Monday, Mar. 26, 1956

Blitzed Boom

Since World War II the new city that rose from the rubble of blitzed Coventry has epitomized British economic recovery. Coventry's citizens last year made higher wages, owned more autos and TV sets, built more houses than those of any comparable city in Britain. But Coventry's boom is being blitzed by the government's deflation program (TIME, Feb. 27). The auto industry, which employs 60% of the midland city's 172,000 workers, last week was shutting down assembly lines and was cut back to a four-day week, while unsold cars spilled over onto abandoned airstrips and playing fields. And there was worse to come. Britain's No. 1 automaker, British Motor Corp. (Morris, Austin, M.G., Riley and Wolseley) last week announced a 7.5% price increase. Though Britons rushed to buy new cars before the price boost went into effect, the industry still had 70,000 unsold autos at week's end and will find it even harder to sell its output from now on.

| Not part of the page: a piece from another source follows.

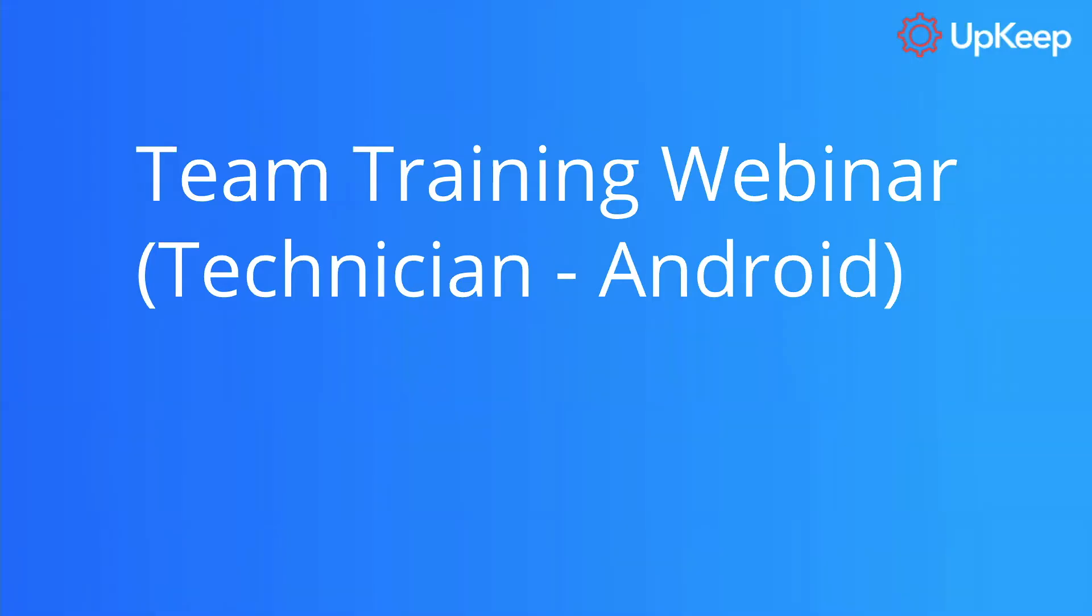Hello everyone. Welcome to this team training webinar. My name is Peter. I'm a technical support associate here at Upkeep. And today we're going to dive into the ins and outs of this product for a technician user on the mobile app.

The government's tightening of consumer credit, including a hike in the minimum down payment on new cars (to 50% of the purchase price), hit the industry where it hurt most--in the domestic market. In the immediate postwar drive for exports, Britain sent a flood of cars abroad. But when the government stopped allocating raw materials on the basis of exports in 1952, British automakers shifted to the easier home mar ket. In 1951 Britain turned out 475,919 cars, exported 366,622, but in 1955, when production had nearly doubled to 897,560, exports increased by only 24,183, or barely 6%. Moreover, only one in nine export cars is now earning sorely needed dollars from the U.S., v. one in every three in 1950.

Britain has been hardest hit by Germany, which has already overhauled Britain in the U.S. (where 29,000 Volkswagens were sold in 1955), is fast pulling ahead in European markets as well. Last week, as British Motor Corp. raised prices, Volkswagen, which cut prices seven months ago, hinted that it will soon reduce them again in a bid for bigger sales.